Pennsylvania Record

Saturday, March 28, 2020

Pennsylvania court tosses part of lawsuit alleging age discrimination at IKEA

Federal Court

By John Sammon | Feb 6, 2020


PHILADELPHIA – The U.S. District Court for the Eastern District of Pennsylvania on Jan. 23 dismissed portions of a lawsuit alleging discrimination in leadership, screening and diversity policies lodged against a retailer, but left intact a charge of discrimination in an employee relocation policy.

The suit was filed against IKEA HOLDINGS US, INC.; a furniture, kitchen appliance and home accessory retailer headquartered in Europe.

The plaintiff is Brandon Paine, a 49-year-old employee of the company who filed a collection action suit alleging IKEA violated provisions of the Age Discrimination in Employment Act (ADEA).

The allegation stated that IKEA officials intentionally discriminated against older workers as a practice and policy in favor of younger employees.

Five company policies were faulted in the plaintiff’s suit: Employee potential and relocation policy, selection in leadership development, screening interviews by recruitment and the company’s diversity policy.

IKEA moved to dismiss the case.

The court denied IKEA’s motion to dismiss the potential and relocation policy portion of the lawsuit, but granted dismissal of the other three policies.

“IKEA challenged the five policies Paine identified as insufficiently specific,” the court opinion read. “Paine responded that he alleged policies that are specific enough at this initial, pre-discovery phase. The potential policy and the relocation policy are specific enough to survive a motion to dismiss.
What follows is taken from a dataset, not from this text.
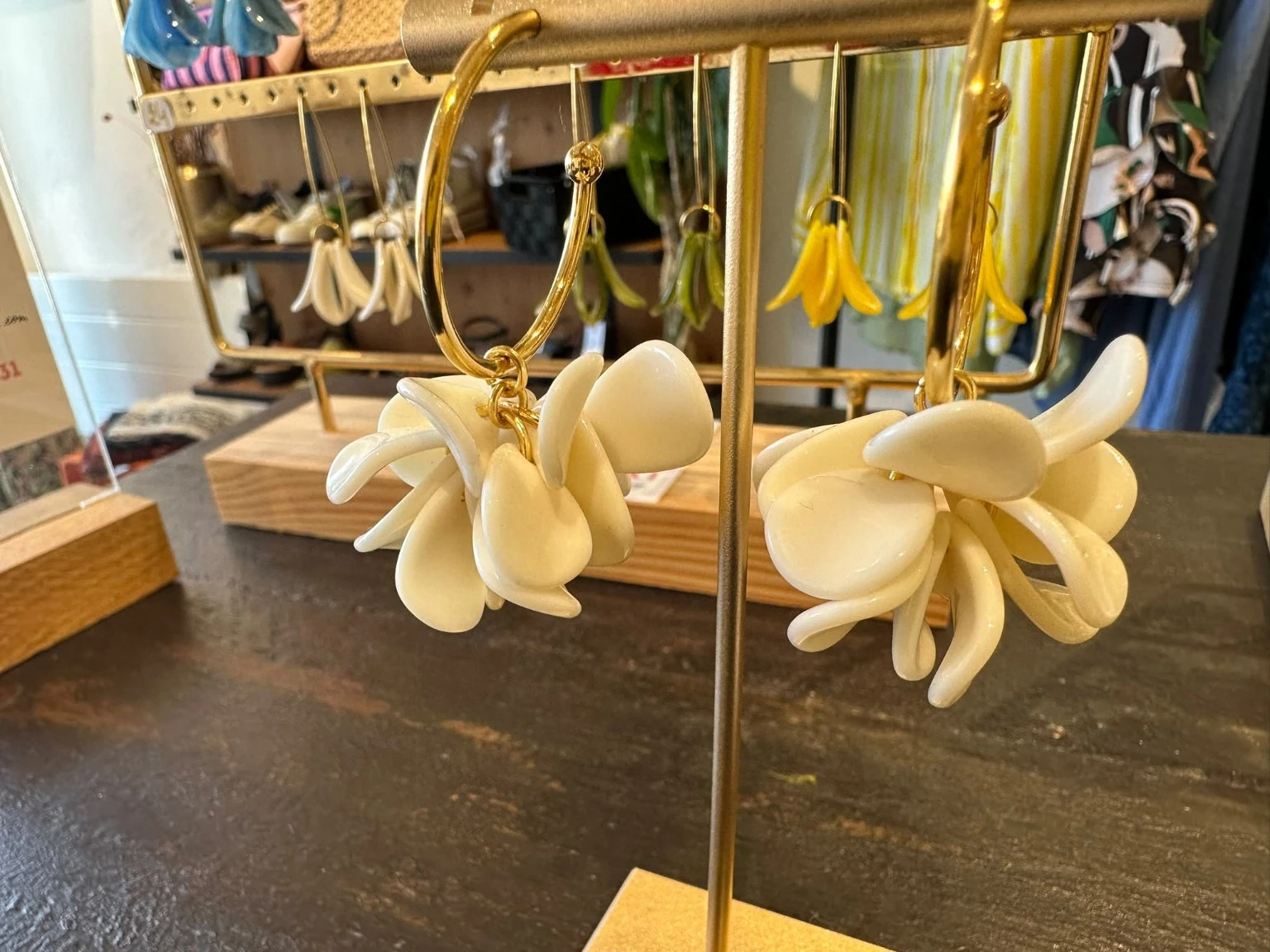 Boucles d’oreilles Ola Pampa écrues sur des créoles dorées, présentées en boutique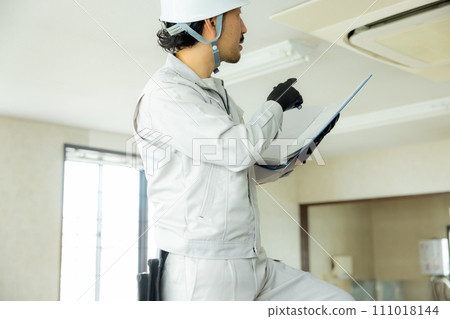 一名穿著工作服的男子正在檢查天花板 一名穿著工作服的男子正在檢查天花板 111018144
The leadership development policy, screening interview policy, and diversity policy are not.”

The brief explained that IKEA allegedly used ‘potential’ as a proxy for youth to assess promotability in an age-biased manner.

“This was part of a pattern and practice of intentional discrimination, or, in the alternative, was a facially neutral policy that resulted in a disparate impact on older workers’ promotion rates,” the opinion noted.

The company’s relocation policy, the brief explained, asked applicants about their willingness to relocate and considered willingness to relocate in deciding whom to promote, even for positions that did not involve relocating.

The court reasoned the relocation policy could have a negative impact on older workers if older workers were less willing or less ability to move than younger workers.

The court found the plaintiff in the remaining allegations had not been specific enough on three of the policies to show discrimination.

“The remaining three policies, the leadership development policy, the screening interview policy and the diversity policy are too generalized to constitute specific employment practices,” the court brief said.